# Task goal:
Your copy of the data should match it exactly, leaving out only the pictures.

◇ ◇ ◇ ◇ ◇ ◇ ◇

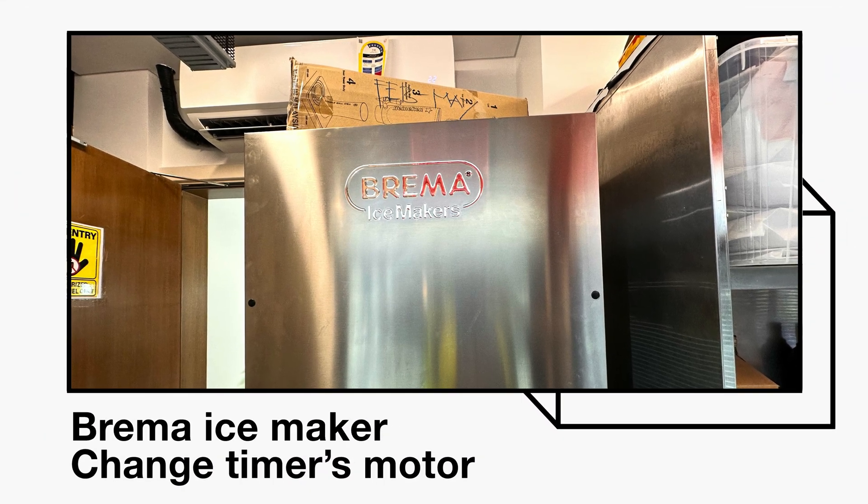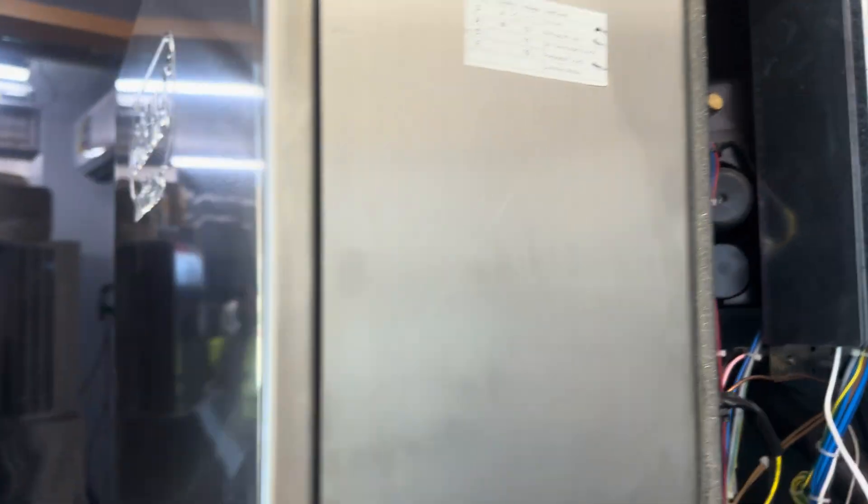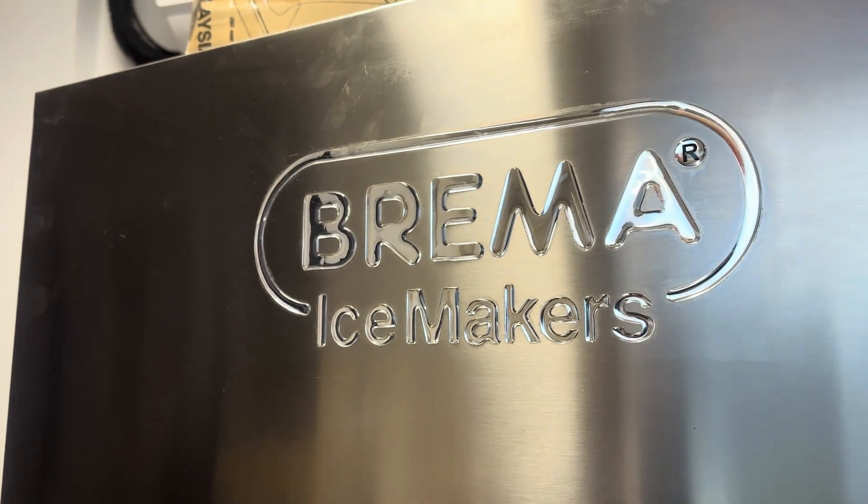Today we are here about this Prima ice maker. There is a problem with the timer motor. This timer motor has a problem — it is stuck up.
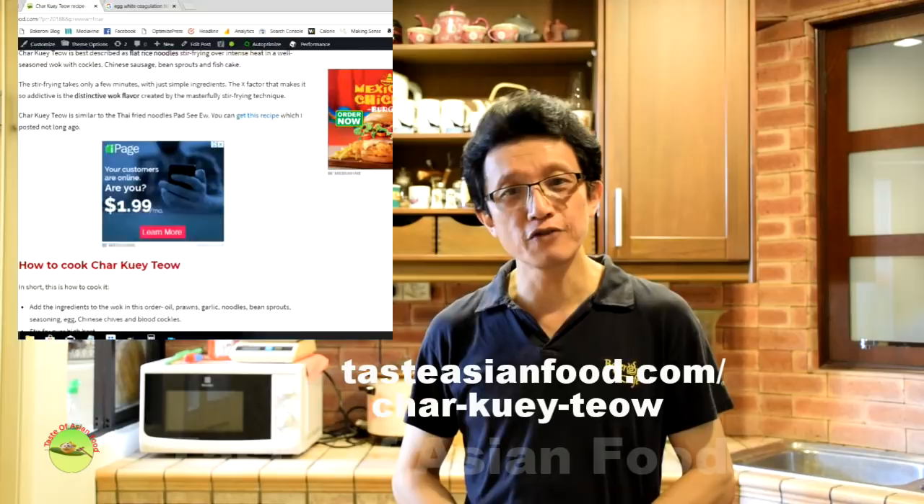You can download the recipe and read more about Char Kway Teow on my blog, tasteasianfood.com. Please subscribe to my YouTube channel by clicking the button below — you'll find many more similar Asian dishes there. Thanks for joining me today. I'll see you in the next video. My name is KP Kwan. Bye for now.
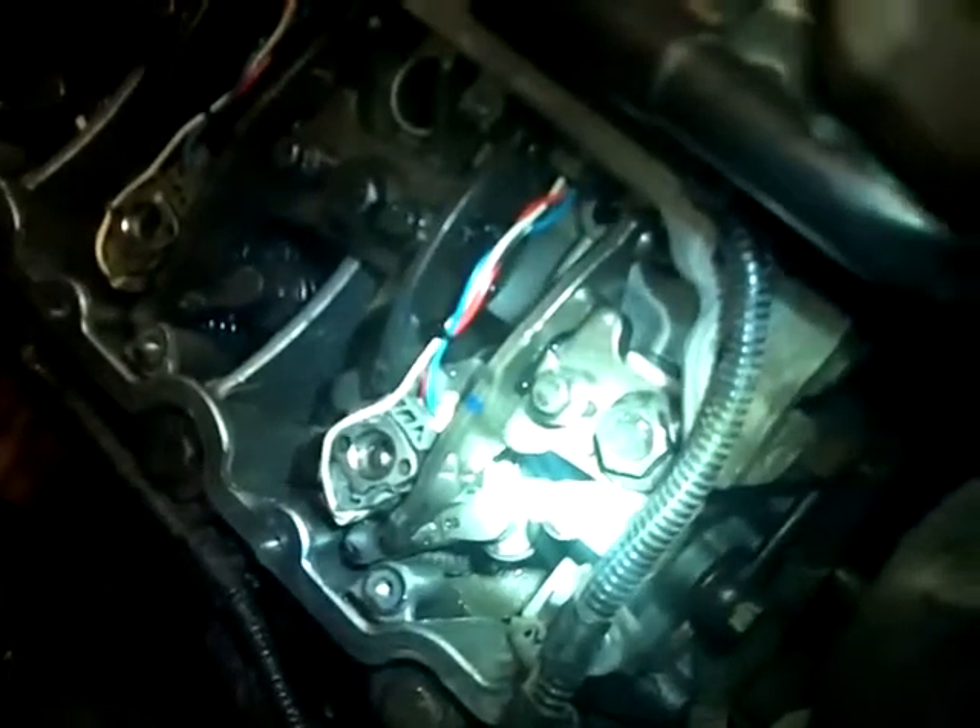Dr. Jake here, reporting from Dirtwater. After you put these injectors back in the head, you might be worried that you cut one of those seals — especially the black seal on top, the one that holds the diesel fuel in the head around the injector. You're scared you might have cut one of them seals.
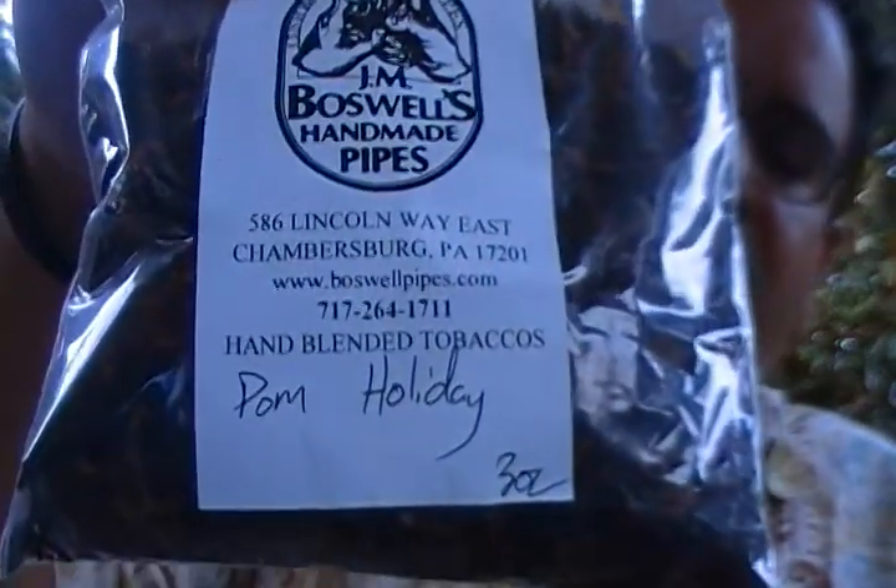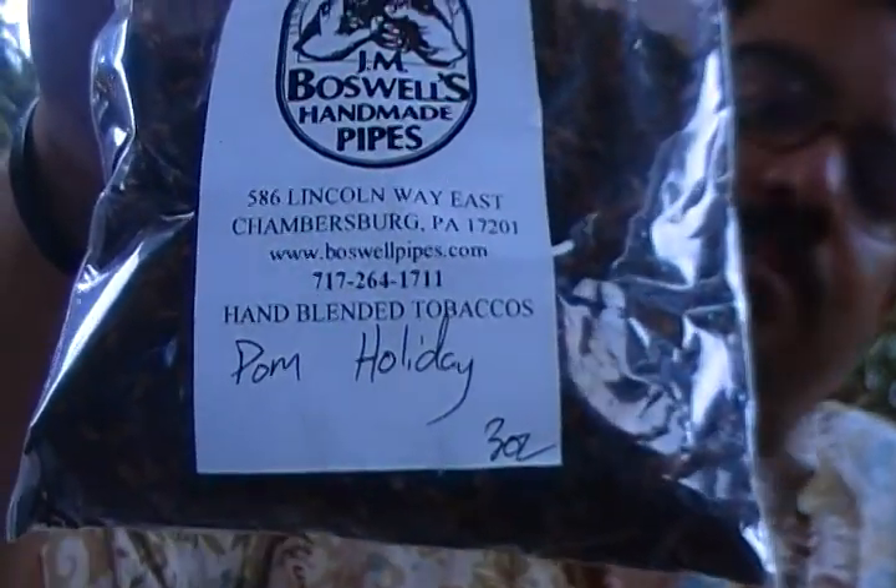It sits beautifully. And because it's summer, I'm going to go ahead and break it in with a bowl full of the tobacco I ordered with it — Palm Holiday. Very nice. Not too fruity, but a hint of citrus. Summer citrus.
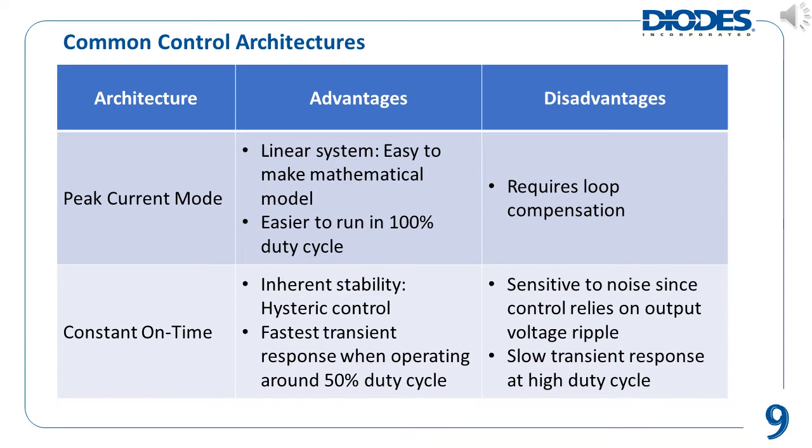In constant on time control, some of its advantages are that, since it is using hysteretic control, it has inherent stability. It also has the fastest load transient responses at around 50% duty cycle. However, at high duty cycle operation, COT's transient response can be slow. In addition, COT designs rely on being able to detect some of the output voltage ripple to function properly. Therefore, it is more sensitive to noise that may be introduced to the system.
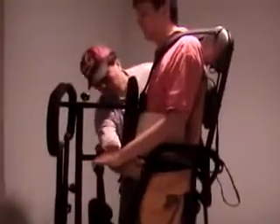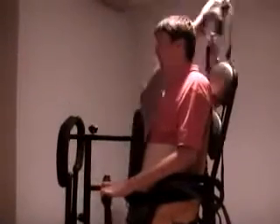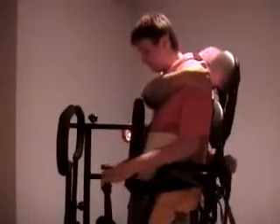Depending on your level of injury, there is a right standing frame for you. When it comes to my particular level of injury, I need a specific standing frame that will be able to support my height, my weight, and my balance. Discuss with your physical therapist which standing frame is right for you. They will be able to ask the right questions and address the right issues and find you the right standing frame. It is also a good idea to try the standing frame out before you purchase it.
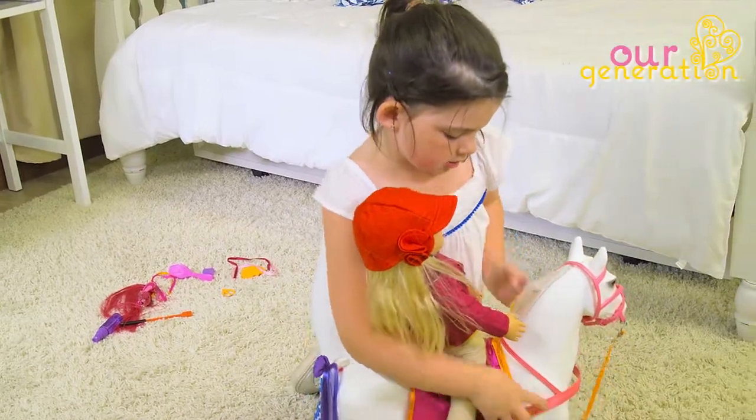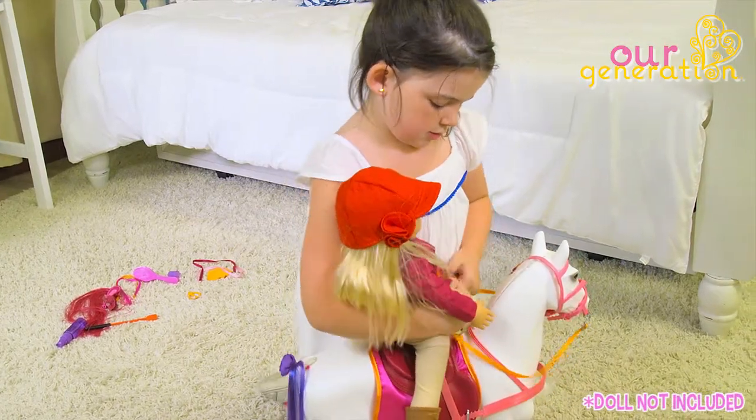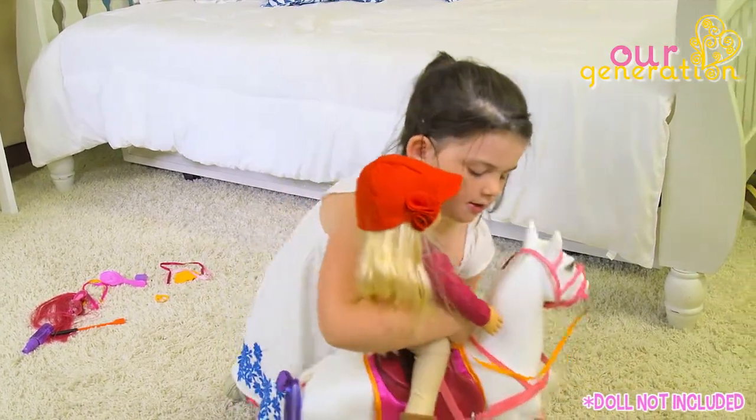Pair your doll with the ready-to-ride outfit and she'll be all ready to trot off on her new mount from Our Generation.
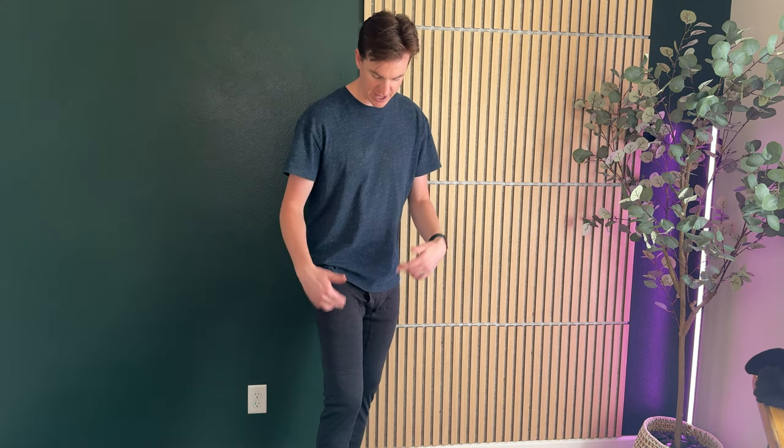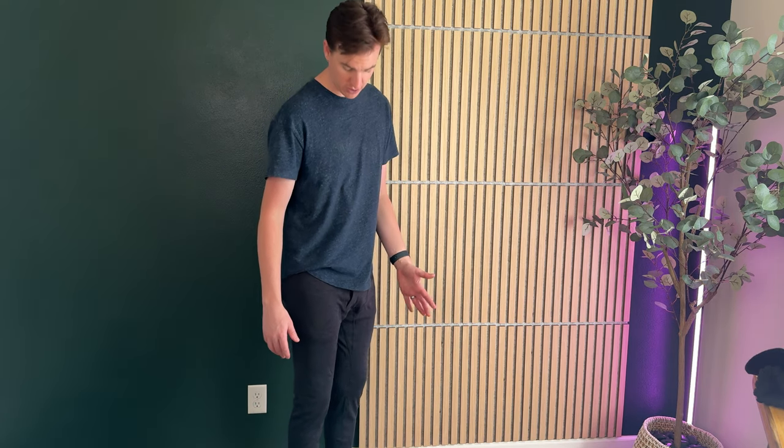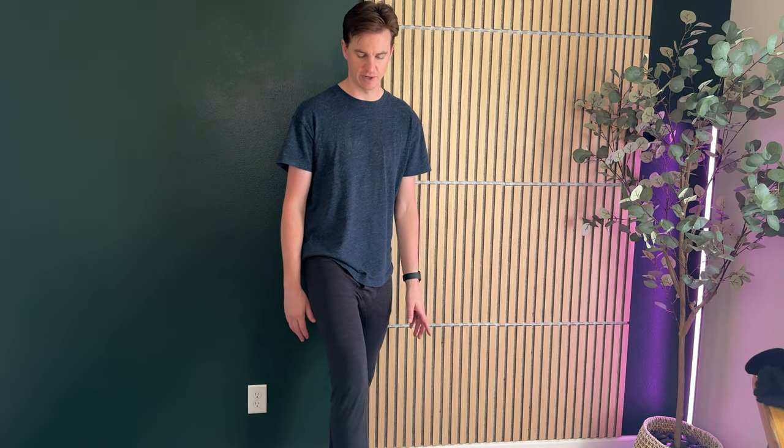So these are the Smartwool 250. They're the long underwear bottoms and I love them. I've actually just recently upgraded to them and they are so nice. I'm 6'5", about 190 pounds, and this is a size large and they fit true to size. As you can see on my ankles, they go right to where I want them to go because I use them for skiing and I don't want them to go too long.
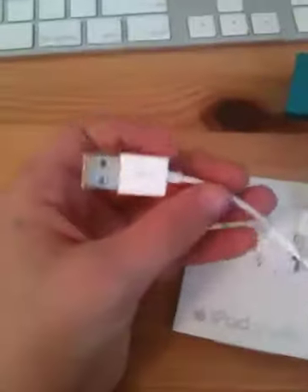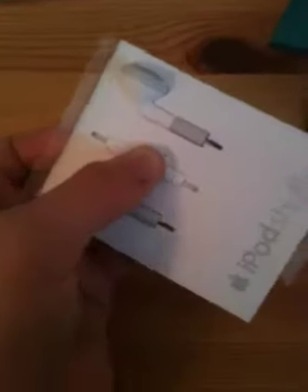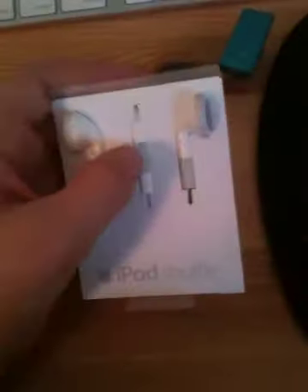Now, the iPod Shuffle, seeing as it doesn't have the 30-pin standard connector like all of the other devices have, it connects via the headphone jack. And the headphones are special because, as you can see, they have these controls. If you hold down the center button, it gives you the song that you're playing and information about that, and the volume controls.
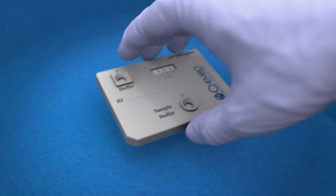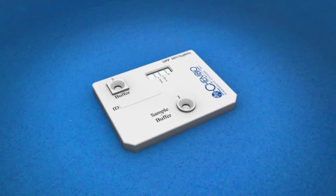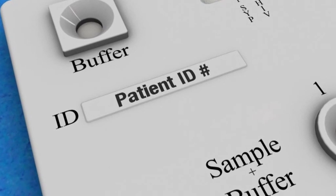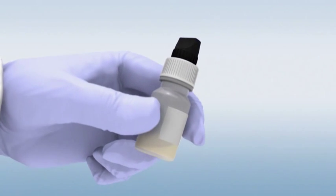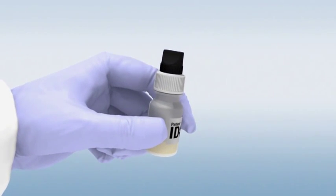Remove the DPP test device from the foil pouch and place it on a flat surface. Label the device with the patient identification number. Label the black cap sample tainer with the patient ID number. Then remove the top by unscrewing the white cap from the bottle.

◇ ◇ ◇ ◇ ◇ ◇ ◇

# Exercise output:
Today we are here about this Prima ice maker. There is a problem with the timer motor. This timer motor has a problem — it is stuck up.
You can download the recipe and read more about Char Kway Teow on my blog, tasteasianfood.com. Please subscribe to my YouTube channel by clicking the button below — you'll find many more similar Asian dishes there. Thanks for joining me today. I'll see you in the next video. My name is KP Kwan. Bye for now.
Dr. Jake here, reporting from Dirtwater. After you put these injectors back in the head, you might be worried that you cut one of those seals — especially the black seal on top, the one that holds the diesel fuel in the head around the injector. You're scared you might have cut one of them seals.
It sits beautifully. And because it's summer, I'm going to go ahead and break it in with a bowl full of the tobacco I ordered with it — Palm Holiday. Very nice. Not too fruity, but a hint of citrus. Summer citrus.
In constant on time control, some of its advantages are that, since it is using hysteretic control, it has inherent stability. It also has the fastest load transient responses at around 50% duty cycle. However, at high duty cycle operation, COT's transient response can be slow. In addition, COT designs rely on being able to detect some of the output voltage ripple to function properly. Therefore, it is more sensitive to noise that may be introduced to the system.
Depending on your level of injury, there is a right standing frame for you. When it comes to my particular level of injury, I need a specific standing frame that will be able to support my height, my weight, and my balance. Discuss with your physical therapist which standing frame is right for you. They will be able to ask the right questions and address the right issues and find you the right standing frame. It is also a good idea to try the standing frame out before you purchase it.
Pair your doll with the ready-to-ride outfit and she'll be all ready to trot off on her new mount from Our Generation.
So these are the Smartwool 250. They're the long underwear bottoms and I love them. I've actually just recently upgraded to them and they are so nice. I'm 6'5", about 190 pounds, and this is a size large and they fit true to size. As you can see on my ankles, they go right to where I want them to go because I use them for skiing and I don't want them to go too long.
Now, the iPod Shuffle, seeing as it doesn't have the 30-pin standard connector like all of the other devices have, it connects via the headphone jack. And the headphones are special because, as you can see, they have these controls. If you hold down the center button, it gives you the song that you're playing and information about that, and the volume controls.
Remove the DPP test device from the foil pouch and place it on a flat surface. Label the device with the patient identification number. Label the black cap sample tainer with the patient ID number. Then remove the top by unscrewing the white cap from the bottle.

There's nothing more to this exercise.